> **Activity**
The full listing, exactly as written and with no images, is the expected output.

> **Dataset entries**

───

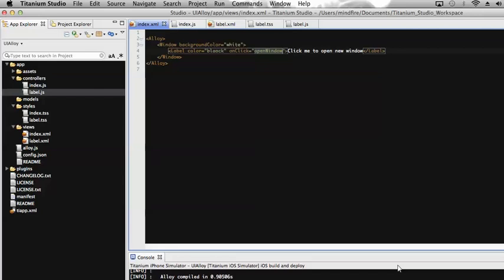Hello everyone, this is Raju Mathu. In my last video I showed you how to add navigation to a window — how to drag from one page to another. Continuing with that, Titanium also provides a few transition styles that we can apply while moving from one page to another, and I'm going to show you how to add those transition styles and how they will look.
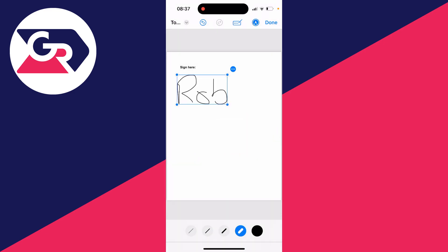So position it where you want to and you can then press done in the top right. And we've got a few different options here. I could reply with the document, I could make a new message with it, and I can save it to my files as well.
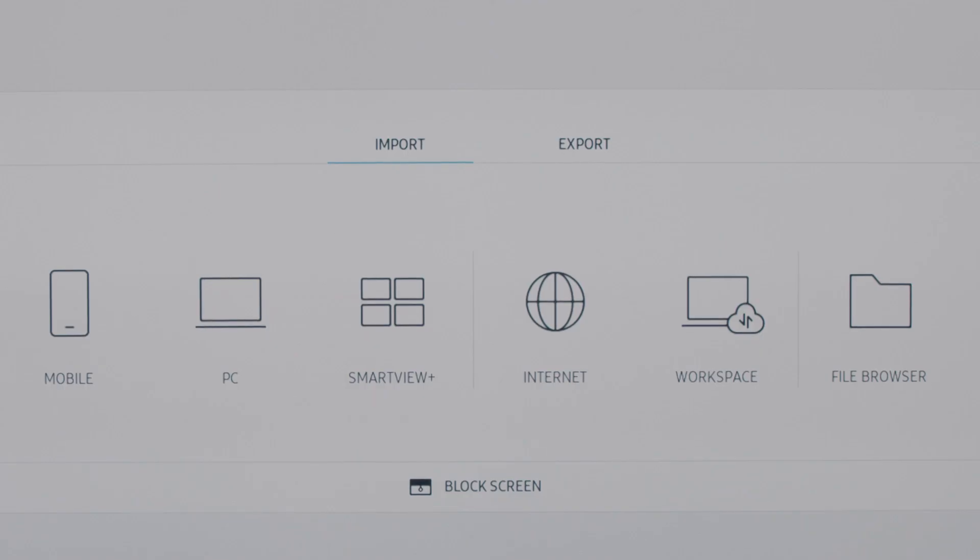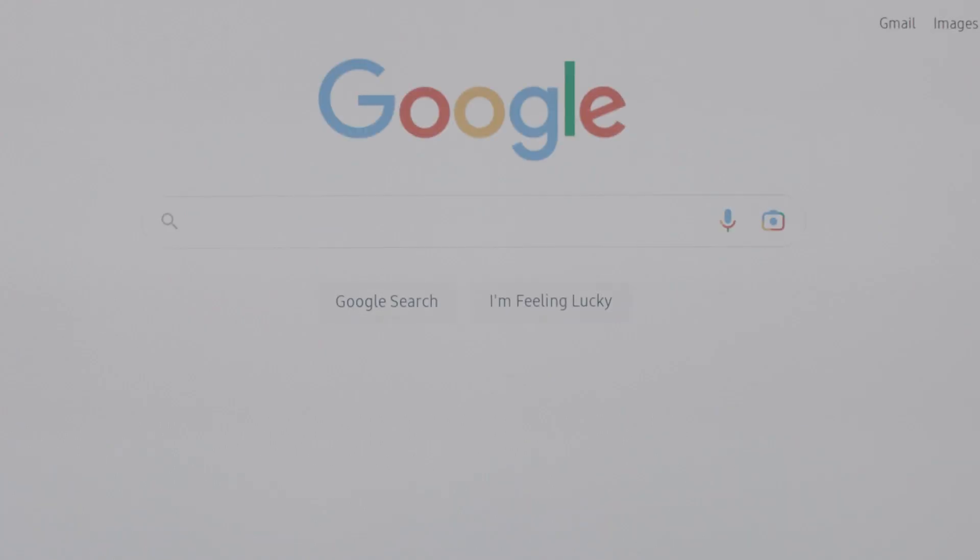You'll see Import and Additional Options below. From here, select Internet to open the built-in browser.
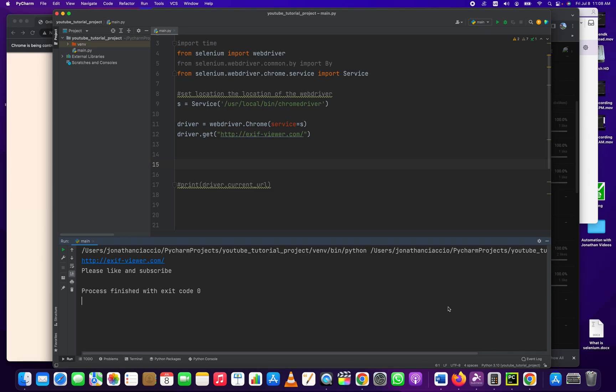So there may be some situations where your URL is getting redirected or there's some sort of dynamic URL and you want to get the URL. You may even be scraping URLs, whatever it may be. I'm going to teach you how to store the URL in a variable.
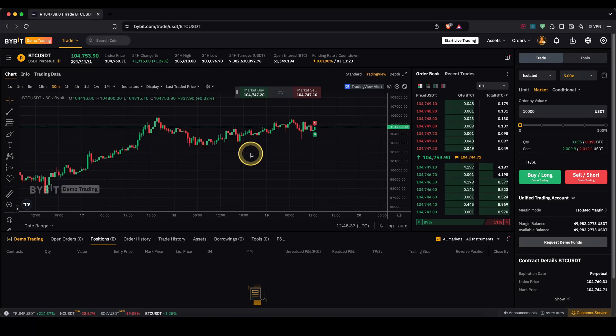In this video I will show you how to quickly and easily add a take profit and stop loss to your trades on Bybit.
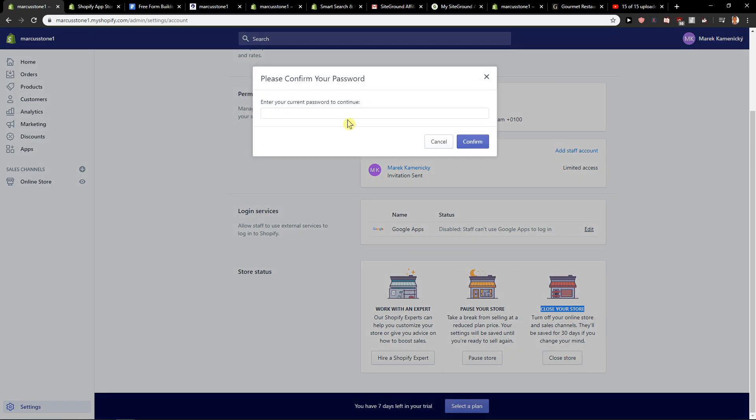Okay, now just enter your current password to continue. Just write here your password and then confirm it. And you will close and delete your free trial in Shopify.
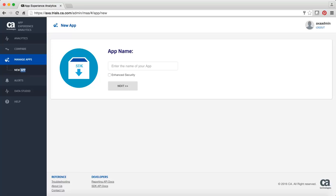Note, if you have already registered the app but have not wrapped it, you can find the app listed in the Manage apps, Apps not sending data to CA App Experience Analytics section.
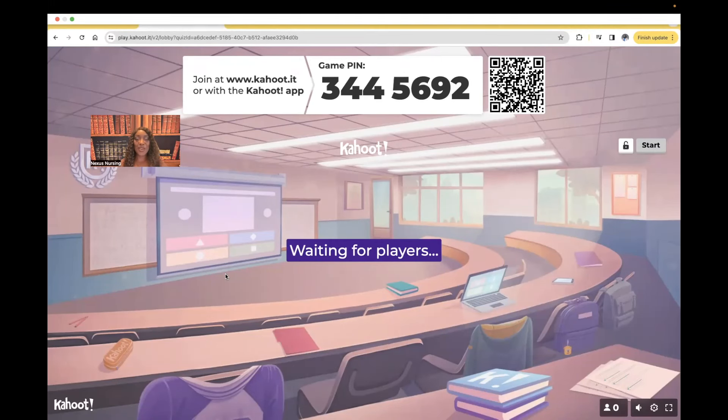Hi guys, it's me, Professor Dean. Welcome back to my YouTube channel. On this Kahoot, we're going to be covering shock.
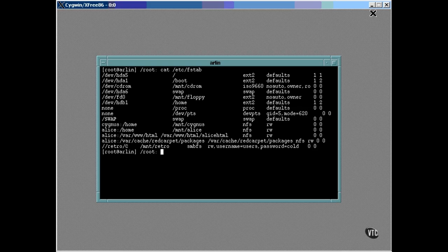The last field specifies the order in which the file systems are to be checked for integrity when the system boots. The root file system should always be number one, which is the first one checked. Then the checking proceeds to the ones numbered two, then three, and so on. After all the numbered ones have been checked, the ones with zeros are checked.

───

> **Written solution**
Hello everyone, this is Raju Mathu. In my last video I showed you how to add navigation to a window — how to drag from one page to another. Continuing with that, Titanium also provides a few transition styles that we can apply while moving from one page to another, and I'm going to show you how to add those transition styles and how they will look.
So position it where you want to and you can then press done in the top right. And we've got a few different options here. I could reply with the document, I could make a new message with it, and I can save it to my files as well.
You'll see Import and Additional Options below. From here, select Internet to open the built-in browser.
So there may be some situations where your URL is getting redirected or there's some sort of dynamic URL and you want to get the URL. You may even be scraping URLs, whatever it may be. I'm going to teach you how to store the URL in a variable.
In this video I will show you how to quickly and easily add a take profit and stop loss to your trades on Bybit.
Okay, now just enter your current password to continue. Just write here your password and then confirm it. And you will close and delete your free trial in Shopify.
Note, if you have already registered the app but have not wrapped it, you can find the app listed in the Manage apps, Apps not sending data to CA App Experience Analytics section.
Hi guys, it's me, Professor Dean. Welcome back to my YouTube channel. On this Kahoot, we're going to be covering shock.
The last field specifies the order in which the file systems are to be checked for integrity when the system boots. The root file system should always be number one, which is the first one checked. Then the checking proceeds to the ones numbered two, then three, and so on. After all the numbered ones have been checked, the ones with zeros are checked.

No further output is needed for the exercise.